Explains Renner: "What we see happening more and more now is that wars are not so much taking place between different countries, but rather within them. The reasons for these conflicts happening are also changing. It is partly conflicts that pit governments against an [internal] opposing force, or guerrillas may seek independence for their own group....We also see a lot of ethnic conflict happening between different groups within a country....We see very different and new reasons for armed conflicts now."
Renner also says there are an estimated 250,000 children under the age of 18 who are serving as soldiers in these conflicts, mostly against their will. He cites a study conducted by Project Ploughshares of Canada that found in 1995, children participated in the fighting in more than 80 percent of the countries that were at war during that year.
Renner says that of those 101 armed conflicts between 1989 and 1996, two-thirds had ended by the end of 1996. And, he adds that every region of the globe has seen a reduction of warfare since 1992.
Yet Renner cautions that although the number of armed conflicts is declining, it is not a sufficient indicator of the loss of human life or the disruption of society.
Renner says that from 1990 to 1995, at least 3.2 million people died of war or war-related causes such as disease, famine and displacement. He says this is one of the highest death tolls of any five-year period since the end of World War II.

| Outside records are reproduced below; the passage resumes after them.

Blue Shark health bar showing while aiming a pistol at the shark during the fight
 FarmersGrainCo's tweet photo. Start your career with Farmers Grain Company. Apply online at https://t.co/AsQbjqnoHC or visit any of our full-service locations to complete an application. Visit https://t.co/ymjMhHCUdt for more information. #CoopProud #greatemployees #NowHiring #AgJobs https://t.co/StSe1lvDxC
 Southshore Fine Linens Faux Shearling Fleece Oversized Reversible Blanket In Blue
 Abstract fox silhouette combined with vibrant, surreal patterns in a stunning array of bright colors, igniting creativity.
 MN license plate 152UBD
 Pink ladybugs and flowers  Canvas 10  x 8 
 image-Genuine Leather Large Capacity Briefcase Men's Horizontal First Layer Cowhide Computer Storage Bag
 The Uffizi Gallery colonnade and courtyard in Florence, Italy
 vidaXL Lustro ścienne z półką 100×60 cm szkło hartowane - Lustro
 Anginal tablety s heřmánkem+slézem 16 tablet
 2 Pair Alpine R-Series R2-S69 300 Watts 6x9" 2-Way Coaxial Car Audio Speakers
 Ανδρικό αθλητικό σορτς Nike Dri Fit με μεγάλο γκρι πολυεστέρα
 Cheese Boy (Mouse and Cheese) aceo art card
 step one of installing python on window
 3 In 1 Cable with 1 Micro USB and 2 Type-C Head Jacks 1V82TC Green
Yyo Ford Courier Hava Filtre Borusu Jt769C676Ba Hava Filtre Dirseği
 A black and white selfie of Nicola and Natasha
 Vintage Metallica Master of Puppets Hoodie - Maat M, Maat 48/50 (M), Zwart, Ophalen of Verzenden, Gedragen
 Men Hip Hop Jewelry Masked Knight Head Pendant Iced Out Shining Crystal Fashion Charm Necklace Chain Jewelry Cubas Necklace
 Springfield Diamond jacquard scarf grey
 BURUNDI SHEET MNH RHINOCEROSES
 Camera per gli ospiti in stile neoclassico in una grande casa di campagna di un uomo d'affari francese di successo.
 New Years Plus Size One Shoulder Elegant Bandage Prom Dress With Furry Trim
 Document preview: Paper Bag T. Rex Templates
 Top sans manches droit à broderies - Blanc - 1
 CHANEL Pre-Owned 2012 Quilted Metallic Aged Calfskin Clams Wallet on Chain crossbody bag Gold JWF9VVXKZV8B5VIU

He also says there are still a number of hot spots around the world where armed conflicts could easily erupt into full-fledged warfare.
Concludes Renner: "When one looks at the situation in many countries where it is not clear how stable the societies are, how accountable the undemocratic governments are, and therefore, how much of a possibility there is that someone will take up arms against a central government -- the possibility is clearly there."